## [Work instruction]
Below are records to be transcribed exactly; any pictures should be left out.

## [Records for the task]
BEGIN

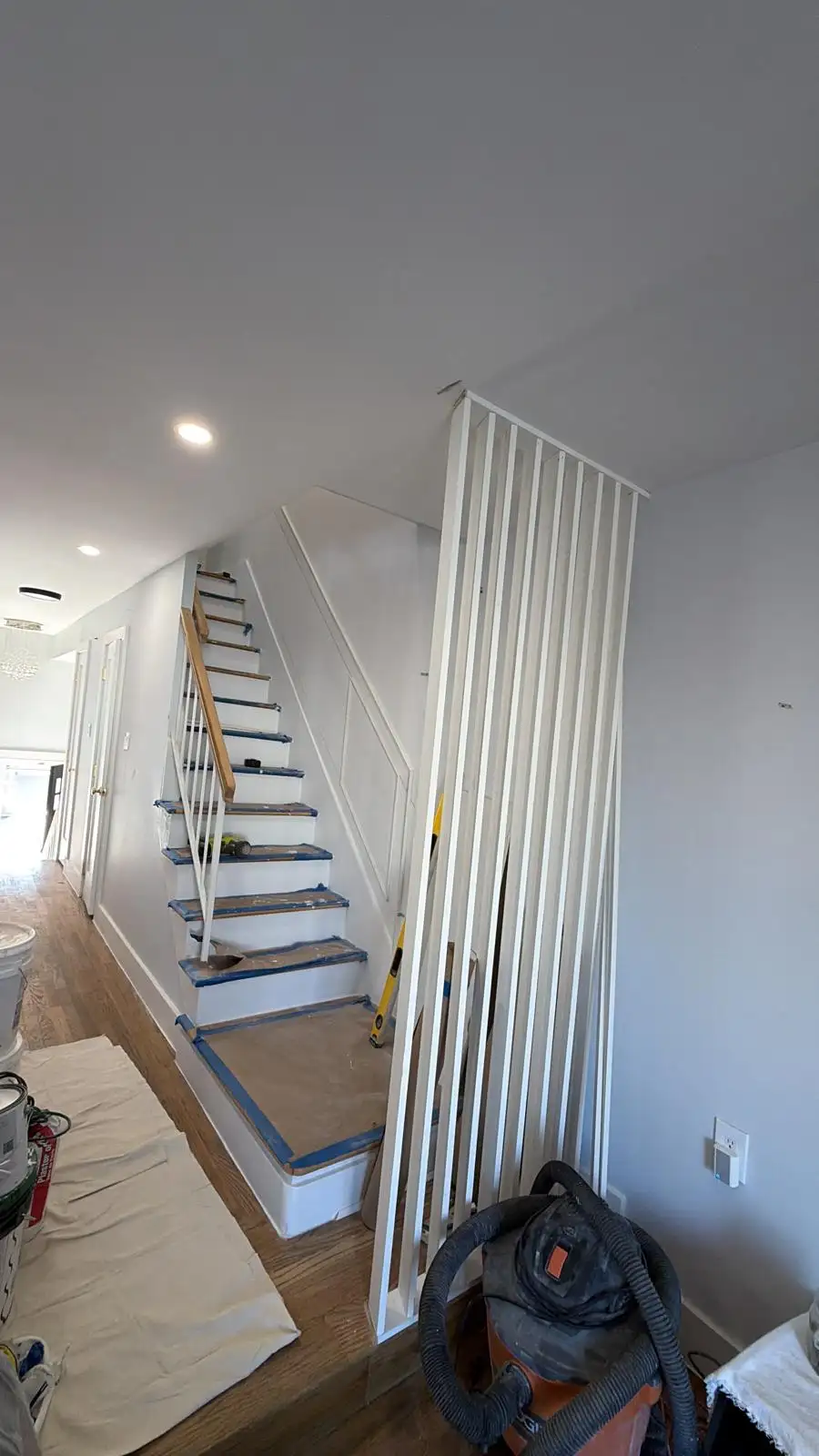 Vertical slat wood accent wall by staircase — Bath Beach, Brooklyn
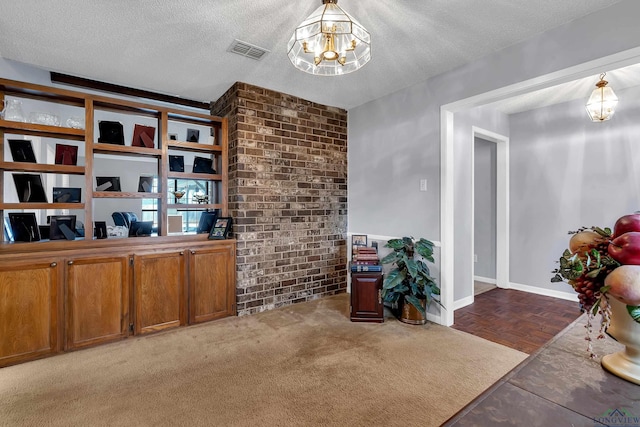 office area featuring baseboards, visible vents, brick wall, a textured ceiling, and a notable chandelier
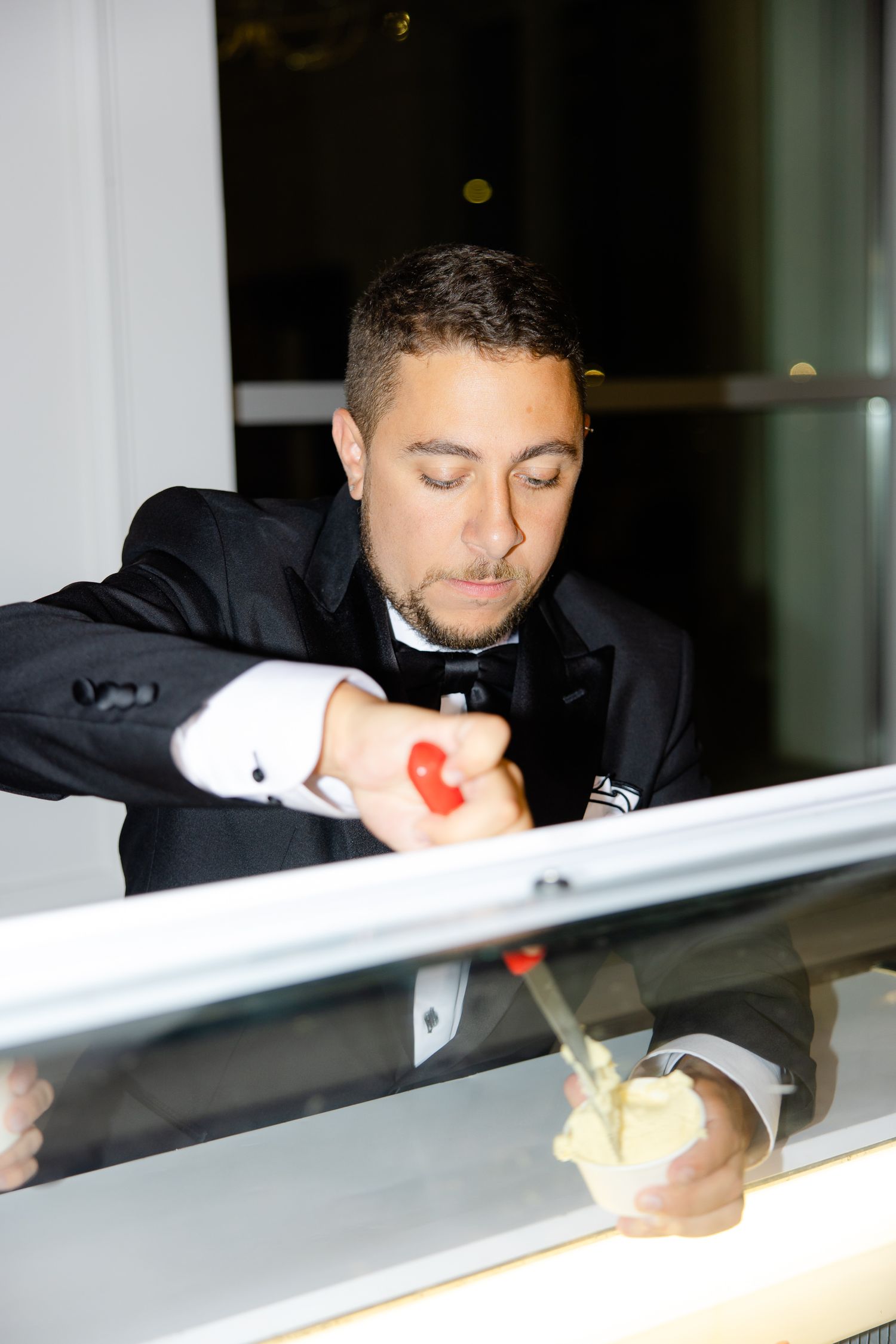Person in tuxedo scooping gelato from an elegant white display case.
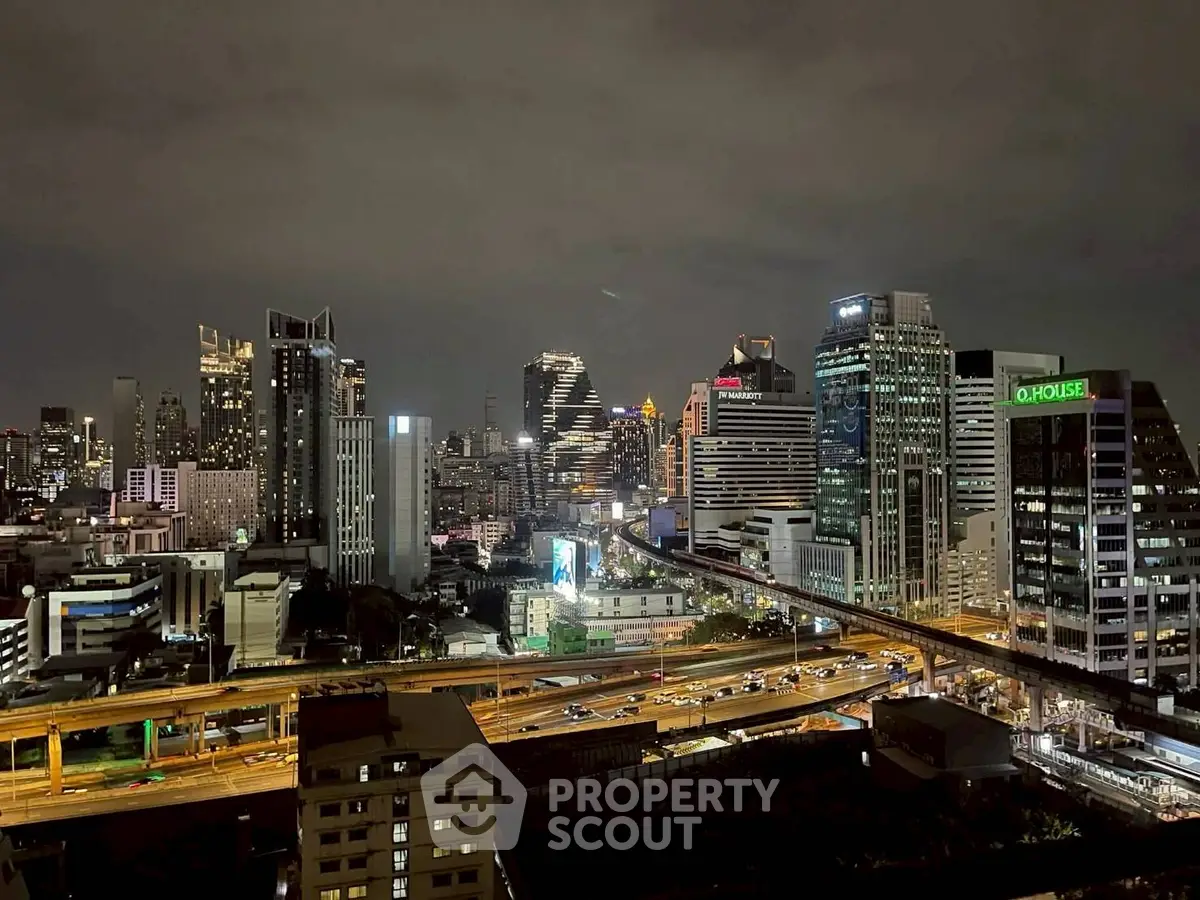 Stunning cityscape view showcasing vibrant urban skyline at night with illuminated skyscrapers.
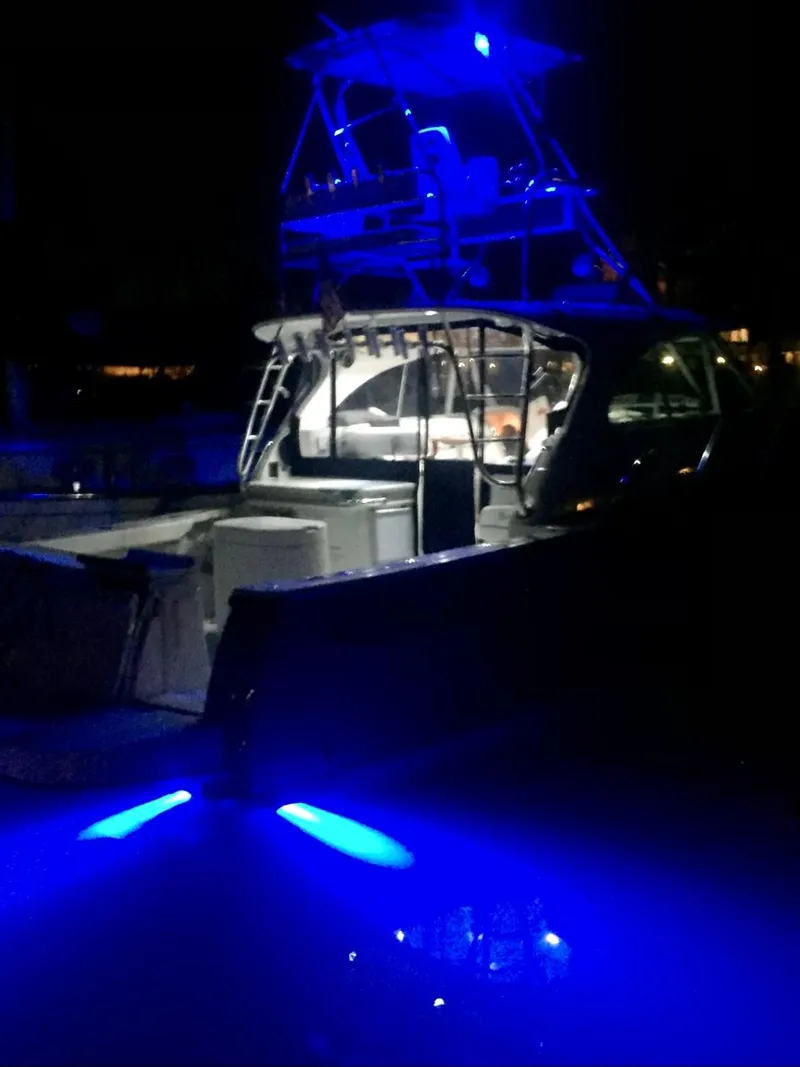 Slide: The Image of 2006 Glacier Bay 3480 Ocean Runner boat illuminated with blue lights at night. - 32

END

## [Task response]
 Vertical slat wood accent wall by staircase — Bath Beach, Brooklyn
 office area featuring baseboards, visible vents, brick wall, a textured ceiling, and a notable chandelier
Person in tuxedo scooping gelato from an elegant white display case.
 Stunning cityscape view showcasing vibrant urban skyline at night with illuminated skyscrapers.
 Slide: The Image of 2006 Glacier Bay 3480 Ocean Runner boat illuminated with blue lights at night. - 32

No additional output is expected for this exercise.